Eventually, drivers will be asked to pay higher tolls and other fees to maintain roads, as public funds, in a time of flat economic growth, are diverted to other services. This will then compound the transition as the costs of maintaining and running a car go even higher. Every car driver is now subsidized. As the subsidy goes away, more drivers will be forced off the road.
Yes, it is painful for both politicians and the public to acknowledge that much of our infrastructure is no longer needed and cannot be redeployed. The public is only now becoming aware that the energy costs of road-building and road-maintenance have gone through the same price revolution as the price of oil. Governments at all levels find that simply keeping the existing roads operable – and not even in particularly good repair – requires enormous annul sums of capital. And, the per-mile construction cost of new roads is prohibitive.
When the national highway system was originally constructed, of course, oil prices were at an inflation-adjusted level of around $12-$14 per barrel. That oil prices now trade at 8 times those levels has completely changed the economic return on road building. Unsurprisingly, the demand for asphalt has crashed back to levels last seen in the early 1980s.
US Product Supplied of Asphalt and Road Oil
End of the Grand Public Subsidy of Roads
The United States has only just begun a long reduction of public spending on roads and highways.
The current administration has shifted only a few percentage points of the transport budget from the auto-highway sector to public transport -- but that shift will grow larger as the years progress.
And while it took many decades for such a shift to develop in the US, the same process will be more rapid in the developing world. In other words, the advance, peak, and decline of motorized transport in China and India will be much more rapid as these nations and their giant populations arrive more quickly to the limits of oil based transport. Indeed, there is already evidence in the data that oil adoption rates have slowed considerably as the majority of new energy demand comes online to the powergrid.

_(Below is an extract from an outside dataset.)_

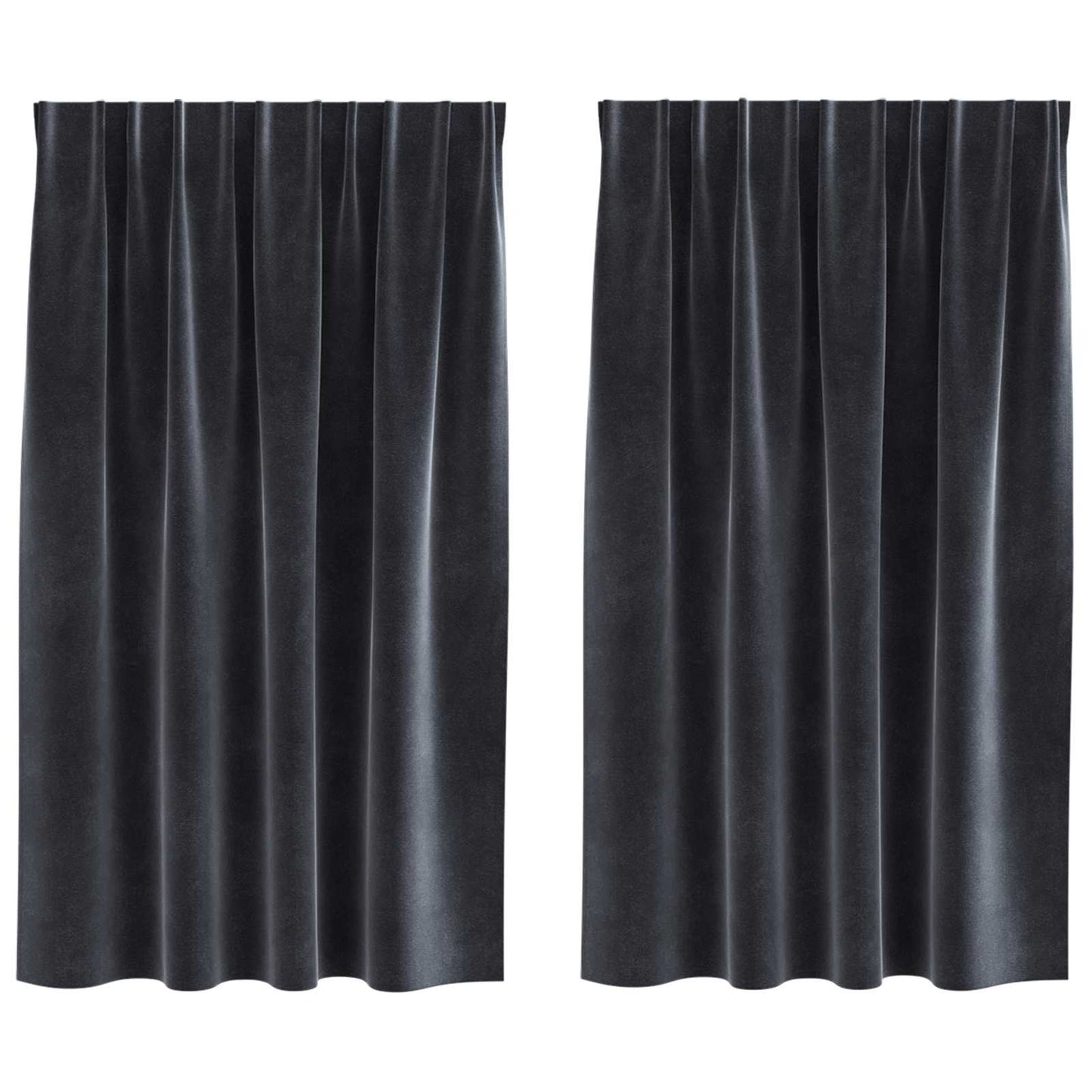 Verdunkelungsvorhänge 2 pcs Dunkelgrau 140 x 140 cm Samt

In Part II: Rise of the Global Powergrid, we further examine the poor investment prospects of roadbuilding as economies enter the next leg of energy transition. Interestingly, one of the implications of this shift is that oil will be set free to advance to much higher price levels. A paradigmatic shift in global energy usage is underway that has finally become more well-defined, and more visible.
Oil is no longer the new great game; grid power, with its inherent flexibility, is now emerging.
Click here to access Part II of this report (free executive summary; paid enrollment required for full access).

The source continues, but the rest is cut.